▸ ASSIGNED TASK:
Since the records include pictures, leave those out while you reproduce exactly and only the lines from the one containing "Barneys Hide &" through the one containing "Antiviral effect towards", inclusive.

▸ EXCERPTED RECORDS:
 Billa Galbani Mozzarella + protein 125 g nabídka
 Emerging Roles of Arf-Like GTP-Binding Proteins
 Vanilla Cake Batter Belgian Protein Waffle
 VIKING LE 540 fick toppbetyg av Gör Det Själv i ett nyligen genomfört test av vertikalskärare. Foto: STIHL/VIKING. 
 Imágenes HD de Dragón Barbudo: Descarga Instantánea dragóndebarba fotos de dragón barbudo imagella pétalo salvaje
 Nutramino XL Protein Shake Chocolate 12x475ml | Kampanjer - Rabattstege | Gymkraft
---
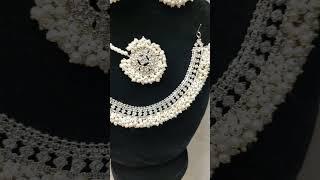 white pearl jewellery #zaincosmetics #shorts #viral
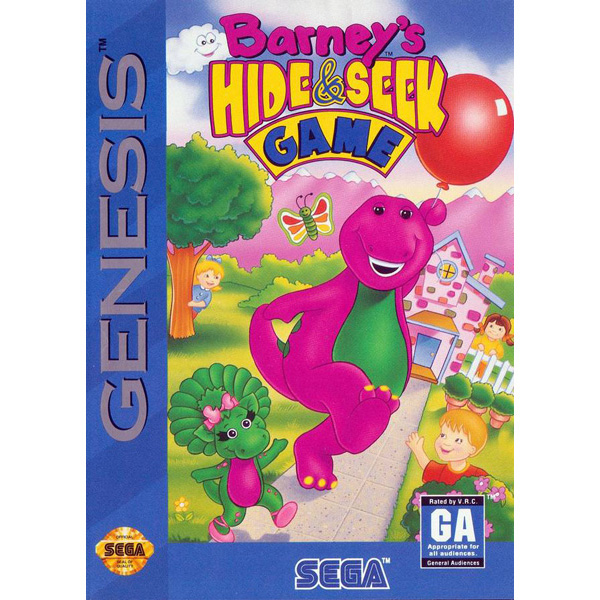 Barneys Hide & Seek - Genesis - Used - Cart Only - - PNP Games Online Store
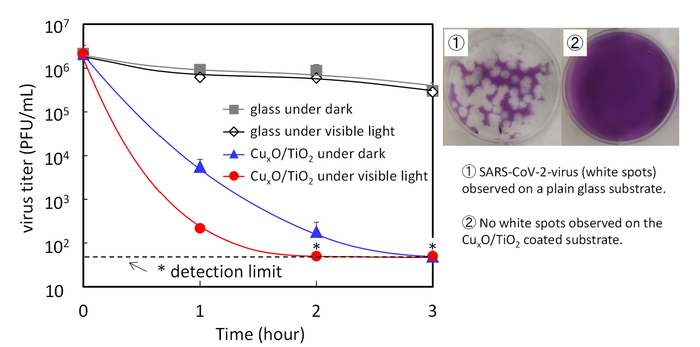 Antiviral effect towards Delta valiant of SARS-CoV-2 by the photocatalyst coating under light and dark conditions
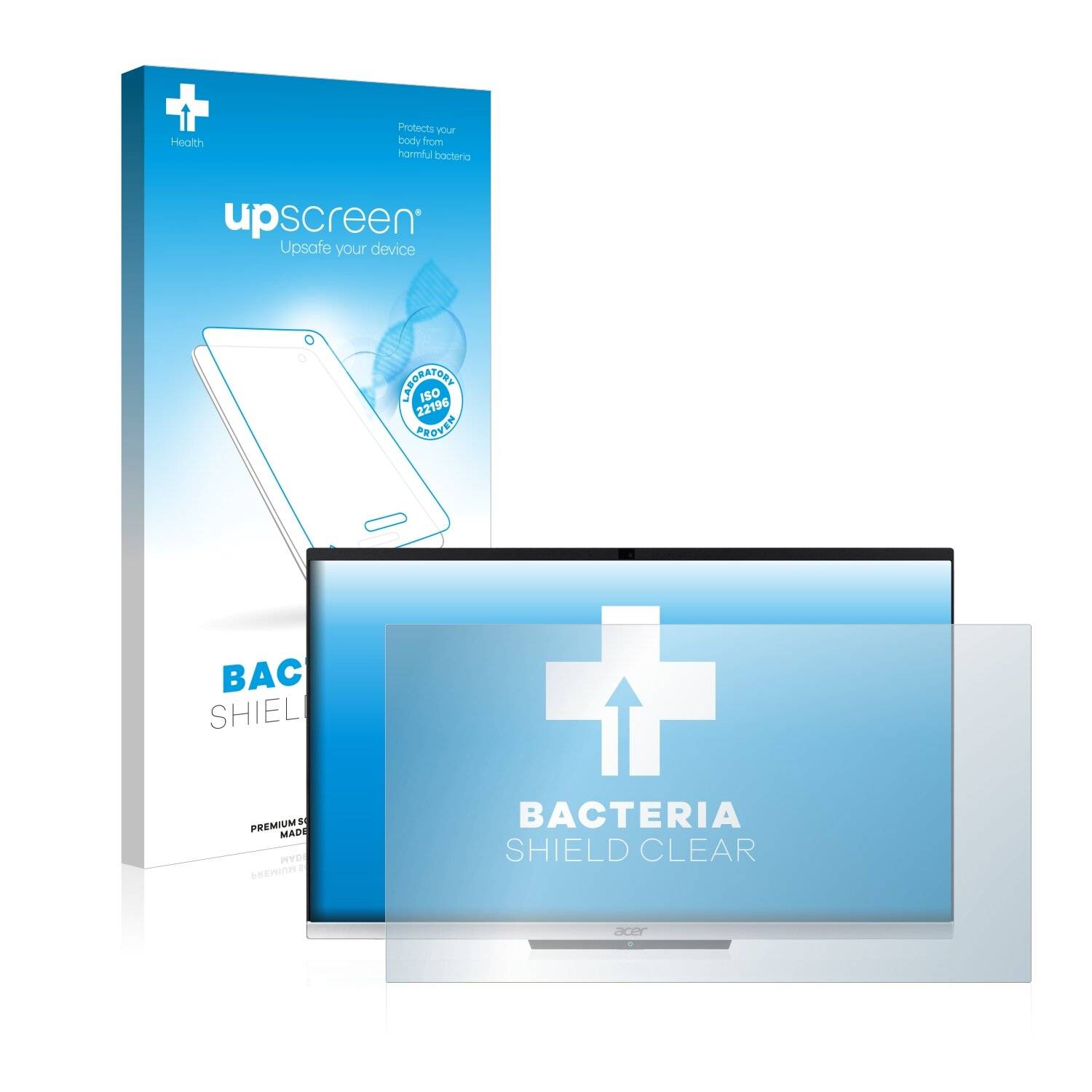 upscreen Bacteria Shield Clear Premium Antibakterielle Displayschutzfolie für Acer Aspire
---
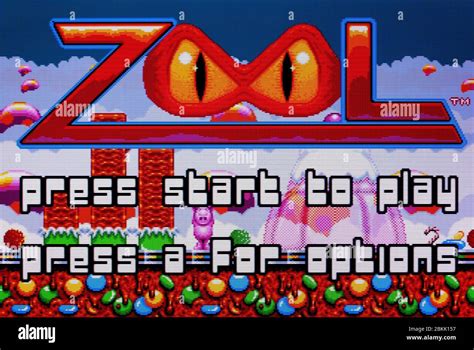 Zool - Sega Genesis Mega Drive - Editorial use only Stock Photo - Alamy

▸ EXERCISE ANSWER:
 Barneys Hide & Seek - Genesis - Used - Cart Only - - PNP Games Online Store
 Antiviral effect towards Delta valiant of SARS-CoV-2 by the photocatalyst coating under light and dark conditions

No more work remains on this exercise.